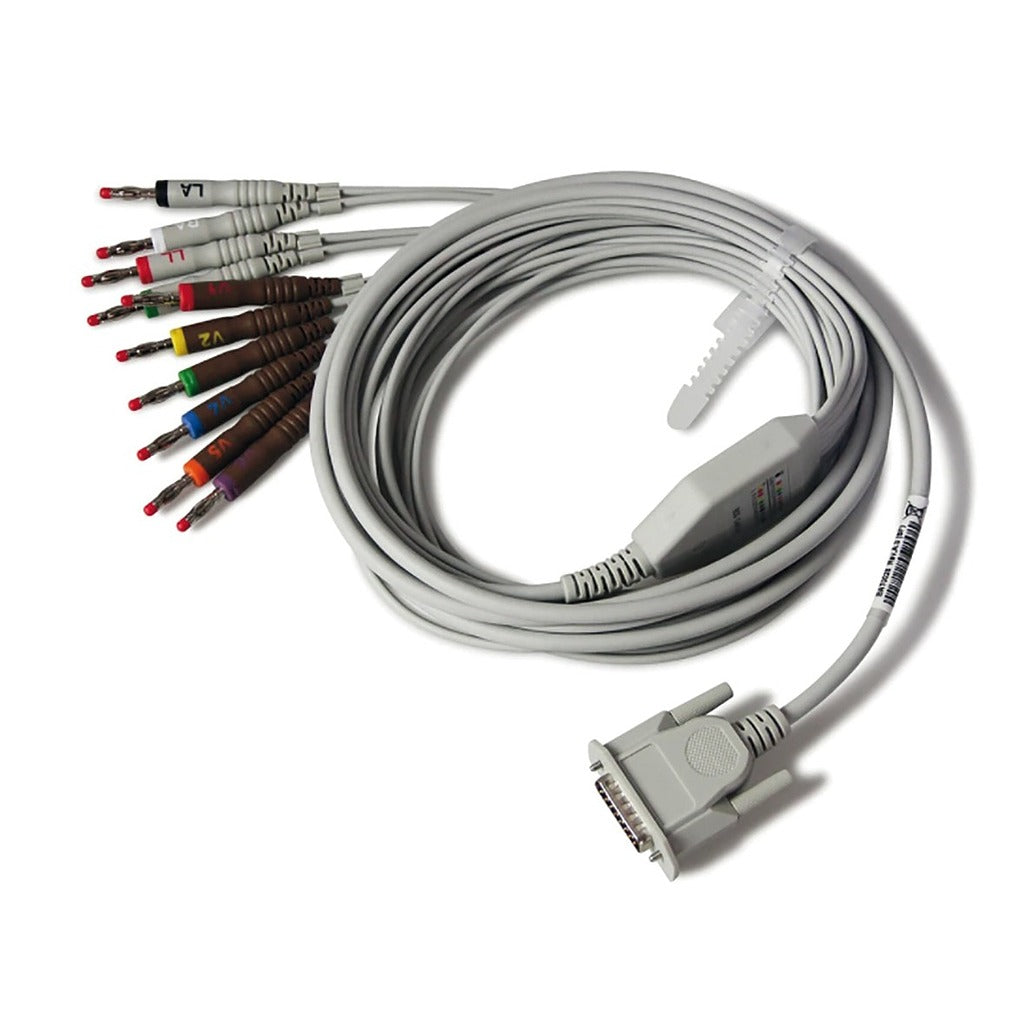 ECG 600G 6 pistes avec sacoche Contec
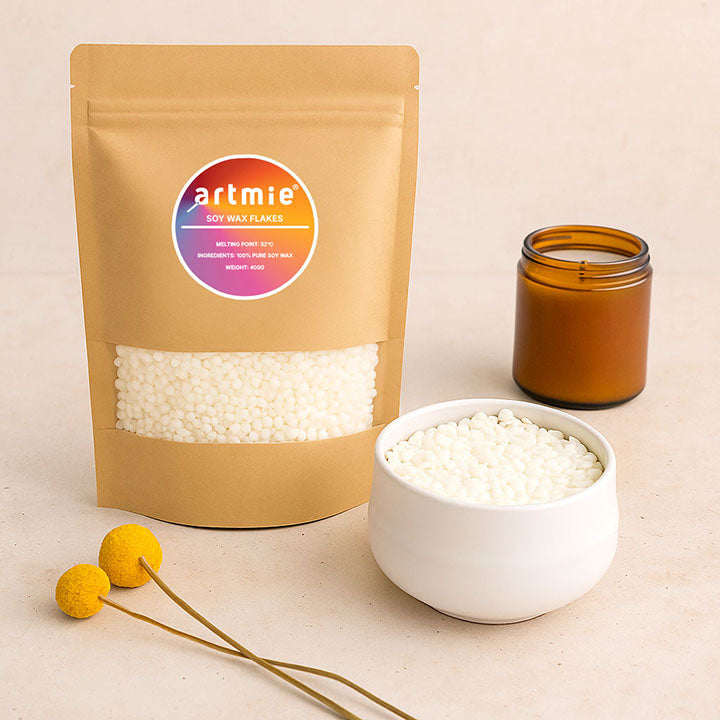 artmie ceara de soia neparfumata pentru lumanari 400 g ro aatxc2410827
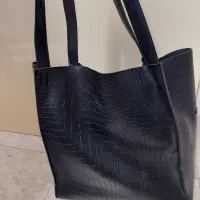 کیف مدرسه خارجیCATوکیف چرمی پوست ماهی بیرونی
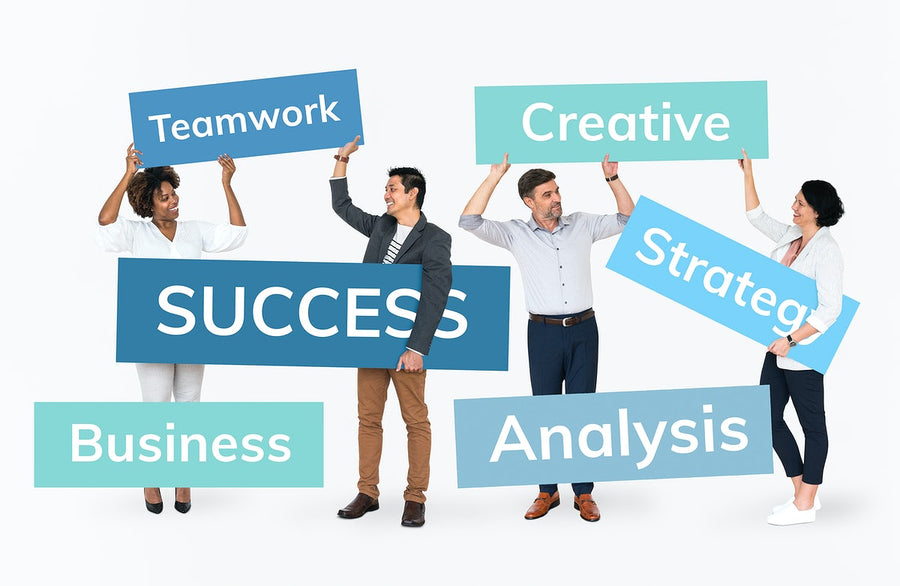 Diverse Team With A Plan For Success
------------------------------------------------------------
### EXERCISE
Nothing but the lines from the line with "artmie ceara de" through the last line of the listing above should be repeated, and pictures should be left out.

### ANSWER BOX
 artmie ceara de soia neparfumata pentru lumanari 400 g ro aatxc2410827
 کیف مدرسه خارجیCATوکیف چرمی پوست ماهی بیرونی
 Diverse Team With A Plan For Success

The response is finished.